Items listed in a dataset
******************************

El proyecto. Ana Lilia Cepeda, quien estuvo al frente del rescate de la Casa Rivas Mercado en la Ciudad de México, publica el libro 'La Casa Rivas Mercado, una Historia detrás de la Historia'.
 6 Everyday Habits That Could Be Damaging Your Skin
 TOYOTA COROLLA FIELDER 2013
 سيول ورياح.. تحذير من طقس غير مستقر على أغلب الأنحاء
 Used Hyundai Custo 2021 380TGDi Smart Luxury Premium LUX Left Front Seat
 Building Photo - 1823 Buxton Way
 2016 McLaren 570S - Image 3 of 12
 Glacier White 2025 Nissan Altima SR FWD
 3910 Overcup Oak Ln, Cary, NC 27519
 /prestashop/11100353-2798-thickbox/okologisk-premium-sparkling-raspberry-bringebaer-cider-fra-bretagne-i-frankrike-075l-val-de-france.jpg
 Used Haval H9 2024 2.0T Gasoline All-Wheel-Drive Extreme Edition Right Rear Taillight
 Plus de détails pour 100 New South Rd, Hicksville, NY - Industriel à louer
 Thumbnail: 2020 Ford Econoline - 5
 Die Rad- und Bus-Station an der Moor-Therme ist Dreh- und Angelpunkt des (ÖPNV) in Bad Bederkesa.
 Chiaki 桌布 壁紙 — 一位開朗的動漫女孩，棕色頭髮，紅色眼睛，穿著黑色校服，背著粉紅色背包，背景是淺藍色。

******************************

**ABOUT THIS TASK:**
All records above must be returned exactly as they appear.

**RESPONSE:**
El proyecto. Ana Lilia Cepeda, quien estuvo al frente del rescate de la Casa Rivas Mercado en la Ciudad de México, publica el libro 'La Casa Rivas Mercado, una Historia detrás de la Historia'.
 6 Everyday Habits That Could Be Damaging Your Skin
 TOYOTA COROLLA FIELDER 2013
 سيول ورياح.. تحذير من طقس غير مستقر على أغلب الأنحاء
 Used Hyundai Custo 2021 380TGDi Smart Luxury Premium LUX Left Front Seat
 Building Photo - 1823 Buxton Way
 2016 McLaren 570S - Image 3 of 12
 Glacier White 2025 Nissan Altima SR FWD
 3910 Overcup Oak Ln, Cary, NC 27519
 /prestashop/11100353-2798-thickbox/okologisk-premium-sparkling-raspberry-bringebaer-cider-fra-bretagne-i-frankrike-075l-val-de-france.jpg
 Used Haval H9 2024 2.0T Gasoline All-Wheel-Drive Extreme Edition Right Rear Taillight
 Plus de détails pour 100 New South Rd, Hicksville, NY - Industriel à louer
 Thumbnail: 2020 Ford Econoline - 5
 Die Rad- und Bus-Station an der Moor-Therme ist Dreh- und Angelpunkt des (ÖPNV) in Bad Bederkesa.
 Chiaki 桌布 壁紙 — 一位開朗的動漫女孩，棕色頭髮，紅色眼睛，穿著黑色校服，背著粉紅色背包，背景是淺藍色。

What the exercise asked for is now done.